*** Source data ***

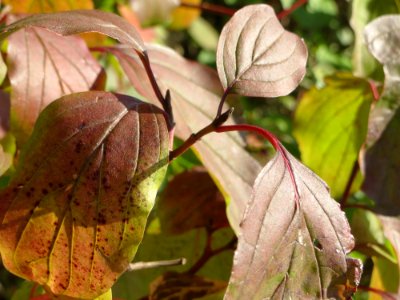 20140923Cornus_sanguinea1
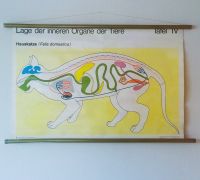 DDR Rollkarte/Wandkarte /Unterrichtsmittel  "Katze/innere Organe" Sachsen-Anhalt - Salzwedel Vorschau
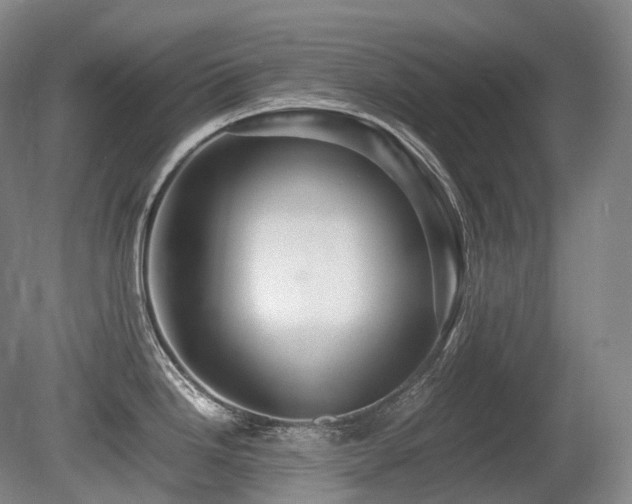 X0000080681246200612151214
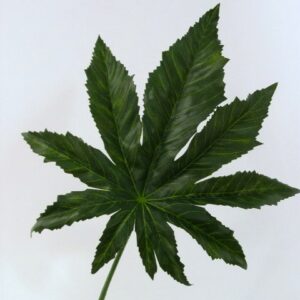 Megan Leaf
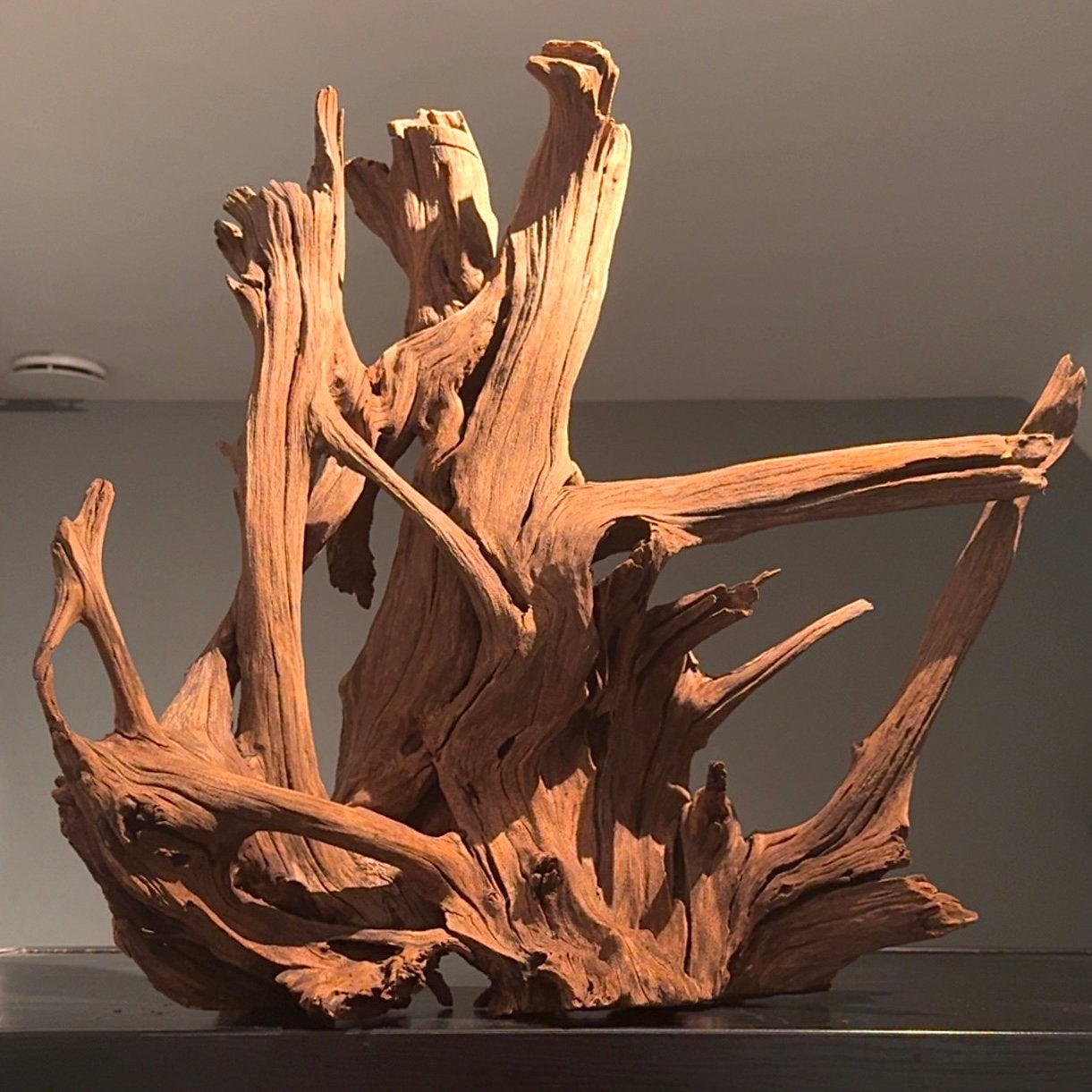 XXL Stuk Kienhout / Spiderwood / Driftwood, Hout Decoratie, Ophalen of Verzenden, Zo goed als nieuw, Decoratie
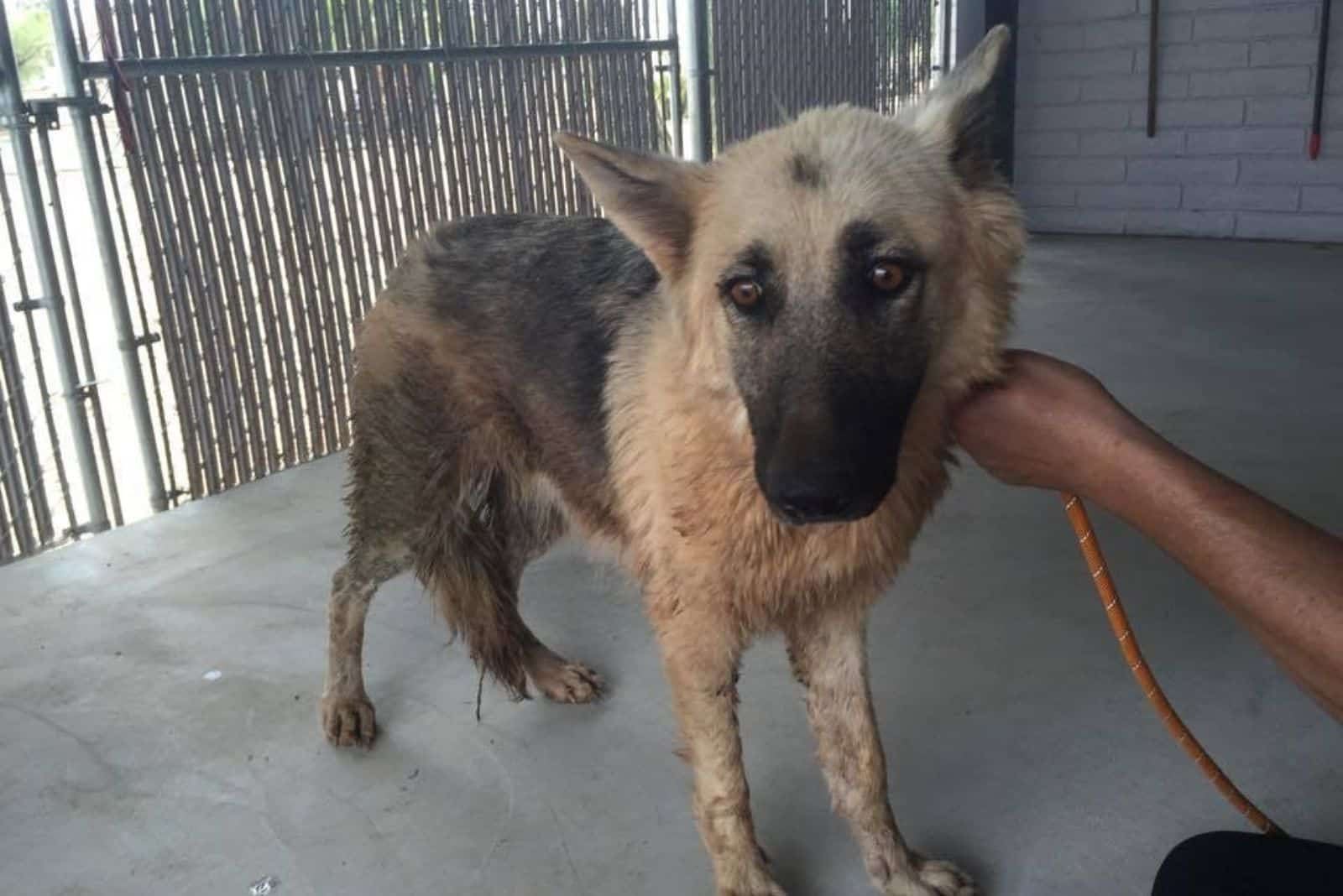 rescued german shepherd dog on a leash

*** End of Source data ***

## Your instructions
Reproduce the full listing above verbatim, with no pictures included.

## Reply to the exercise
 20140923Cornus_sanguinea1
 DDR Rollkarte/Wandkarte /Unterrichtsmittel  "Katze/innere Organe" Sachsen-Anhalt - Salzwedel Vorschau
 X0000080681246200612151214
 Megan Leaf
 XXL Stuk Kienhout / Spiderwood / Driftwood, Hout Decoratie, Ophalen of Verzenden, Zo goed als nieuw, Decoratie
 rescued german shepherd dog on a leash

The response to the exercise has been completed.